In questo articolo vi racconterò come ho vissuto l’intervento chirurgico del legamento crociato anteriore e menisco interno del ginocchio e i tempi post-operatori. Giorno per giorno. Sperando che possa essere di qualche utilità a tutti coloro che affronteranno questa operazione.

Prefazione

Il 26 dicembre 2019 sono stata operata al ginocchio destro per riparare il menisco interno e ricostruire il legamento crociato.

Come ho fatto a rompermi tutto il ginocchio? Semplice.

Nel 2013 ho avuto un primo problema ai legamenti crociati durante l’allenamento di judo. Erano “parzialmente” rotti, quindi non me ne sono preoccupata più di tanto. Ho rinforzato il ginocchio e ho ripreso lo sport (anche una geek deve muoversi!).

Quest’anno ho avuto lo stesso identico problema, sempre a judo. Questa volta ho sentito il ginocchio storcersi e non riuscivo più a tenermi in piedi… Sicuramente, ho pensato, è rotto.

Dopo la risonanza magnetica raccomandata dal medico sportivo ho preso appuntamento con il chirurgo che mi ha detto:

Se lei vuole passare il restante della sua vita su un divano con l’artrosi, si può non riparare, sennò dobbiamo ricostruire i legamenti.”

Ovviamente la scelta è stata immediata. Ho bisogno del mio jogging quotidiano e di muovermi di tanto in tanto, anche perché non posso stare sempre davanti al PC, per quanto l’adori. Quindi abbiamo programmato l’operazione per il 23 gennaio (questo era a fine novembre).

Dopo due settimane il ginocchio mi ha lasciata e sono cascata. Ho sentito un dolore allucinante traversare tutta la parte interna della gamba e non sono più riuscita a distenderla. Ero totalmente bloccata.

Ho passato la domenica al pronto soccorso giusto per sentir dire: “E’ sicuramente il menisco“.

Ok.

L’indomani chiamo urgentemente il chirurgo che mi accoglie dopo un’ora e mi fa ripassare una risonanza magnetica.

Verdetto: lesione del menisco a manico di secchio.

La lesione “a manico di secchio” consiste in uno strappo longitudinale del tessuto cartilagineo, che si è può estendere fino a causare il distacco di una parte del tessuto stesso.

Praticamente avevo degli ossicini che gironzolavano liberamente nel ginocchio, da quanto ho capito, in termini umani.

Di male in peggio.

Alla fine mi anticipa l’operazione al 26 dicembre.

Giorno 1: l’intervento

E’ arrivato il giorno dell’intervento e sono agitatissima.

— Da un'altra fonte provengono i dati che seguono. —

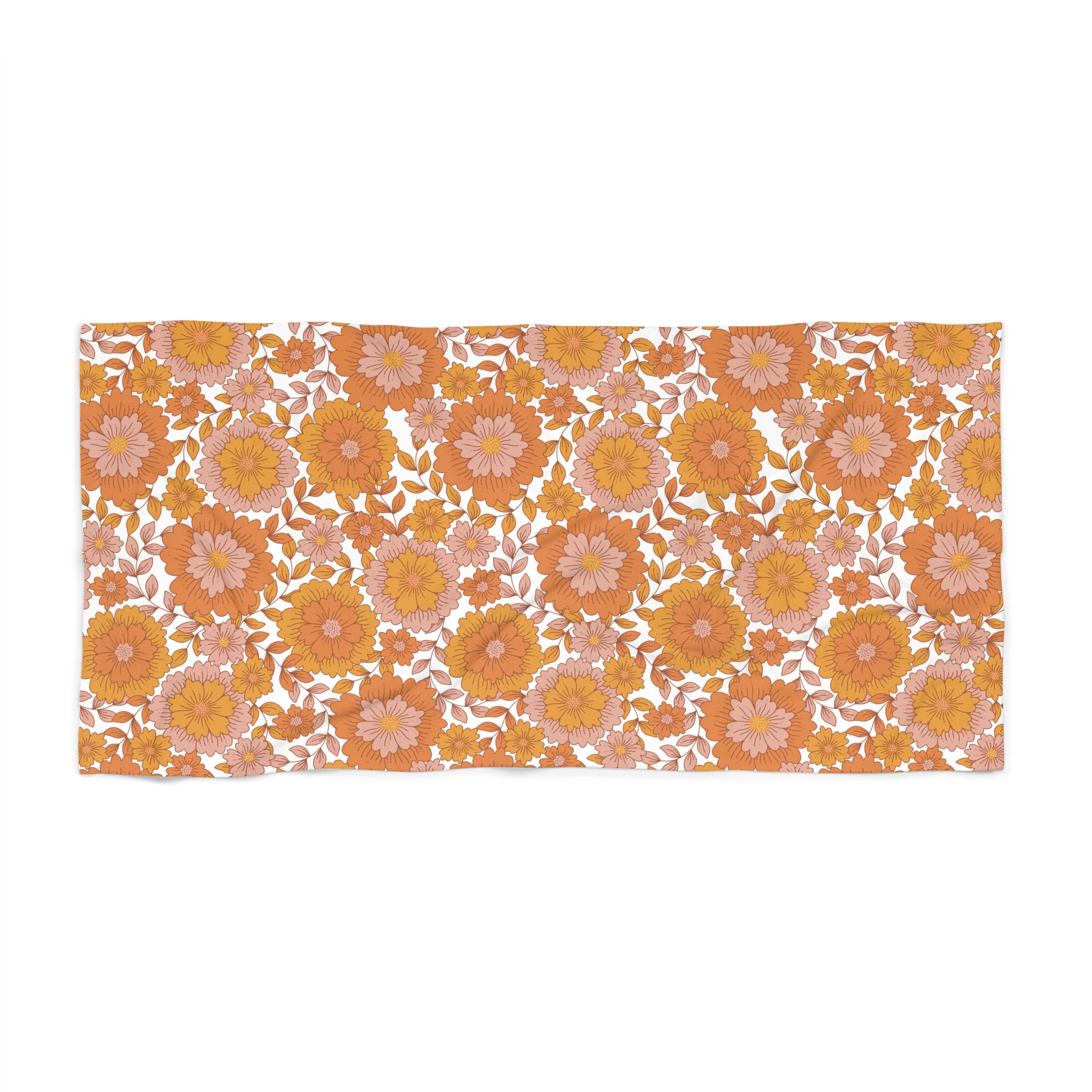 Groovy Pink + Orange Flower Beach Towel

Non so che cosa fare, che cosa succederà dopo l’operazione, se mi addormenteranno durante l’operazione, se avrò una flebite, visto che ho degli antecedenti.

Insomma il panico totale. A Natale non ho bevuto neanche un bicchiere di prosecco. Acqua acqua ed acqua. Che tristezza.

Tanto non avevo la testa per festeggiare.

Arrivo in ospedale e mi accolgono nella mia stanza. Mi cambio e metto il camicione. Mi pongono sempre le stesse domande: “Nome? Cognome? Data di nascita? Allergie?“. Durante la giornata me l’avranno chiesto almeno dieci volte. Il peggio è che avevo una tracheite, e quindi l’anestesia totale era da escludere. Per fortuna poca febbre quindi potevano operare.

Quindi go, in sala operatoria. Mi installano in una stanza per l’anestesia e per preparare la gamba. Le infermiere non facevano altro che entrare ed uscire, una signora in un’altra stanza non faceva altro che urlare dal dolore, e nell’ambulatorio sentivo dei suoni inquietanti che mi facevano pensare al film Non aprite quella porta (The Texas Chainsaw Massacre in originale).

Mi dicono che il chirurgo è in ritardo, quindi resto lì ferma per almeno un’ora. Da sola.

Non vi dico l’ansia.

Finalmente arriva un’infermiera e mi disinfetta la gamba, poi arriva l’anestesista e inizia a farmi delle punture sui muscoli. Aio.

La tortura è finita? Ma anche no. Ecco la puntura finale sulla schiena. Addio gambe, non me le sento più.

La prima sensazione è un formicolio dall’alto in basso, poi più niente.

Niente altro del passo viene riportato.